(Dataset items)
####

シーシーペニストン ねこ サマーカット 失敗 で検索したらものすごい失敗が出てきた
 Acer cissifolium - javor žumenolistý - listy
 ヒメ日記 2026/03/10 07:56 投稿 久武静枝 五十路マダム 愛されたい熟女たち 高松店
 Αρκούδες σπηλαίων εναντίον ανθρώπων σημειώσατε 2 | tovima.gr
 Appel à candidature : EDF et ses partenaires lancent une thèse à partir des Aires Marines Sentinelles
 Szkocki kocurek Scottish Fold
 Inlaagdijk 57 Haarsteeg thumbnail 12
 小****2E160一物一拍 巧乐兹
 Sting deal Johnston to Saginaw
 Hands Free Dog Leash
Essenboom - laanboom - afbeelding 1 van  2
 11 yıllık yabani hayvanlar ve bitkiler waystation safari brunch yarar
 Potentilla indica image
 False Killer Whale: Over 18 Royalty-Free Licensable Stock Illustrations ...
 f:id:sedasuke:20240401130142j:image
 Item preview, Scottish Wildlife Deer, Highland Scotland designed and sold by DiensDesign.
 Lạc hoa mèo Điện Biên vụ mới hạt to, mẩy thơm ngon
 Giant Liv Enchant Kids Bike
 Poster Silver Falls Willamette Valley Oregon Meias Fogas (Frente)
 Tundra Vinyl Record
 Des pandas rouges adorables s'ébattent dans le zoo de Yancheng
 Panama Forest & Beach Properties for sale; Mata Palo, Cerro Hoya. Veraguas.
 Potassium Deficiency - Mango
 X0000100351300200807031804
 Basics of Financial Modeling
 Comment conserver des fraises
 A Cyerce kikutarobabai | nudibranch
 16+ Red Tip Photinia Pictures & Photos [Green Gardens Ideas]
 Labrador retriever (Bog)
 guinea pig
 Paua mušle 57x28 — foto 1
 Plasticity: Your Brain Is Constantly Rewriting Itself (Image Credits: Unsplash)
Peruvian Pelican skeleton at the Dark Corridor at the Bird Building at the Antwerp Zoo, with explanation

####

REQUIRED WORK: Could you write out, unchanged, the line with "Labrador retriever (Bog)" and every line after it in the data above?

EXERCISE OUTPUT:
 Labrador retriever (Bog)
 guinea pig
 Paua mušle 57x28 — foto 1
 Plasticity: Your Brain Is Constantly Rewriting Itself (Image Credits: Unsplash)
Peruvian Pelican skeleton at the Dark Corridor at the Bird Building at the Antwerp Zoo, with explanation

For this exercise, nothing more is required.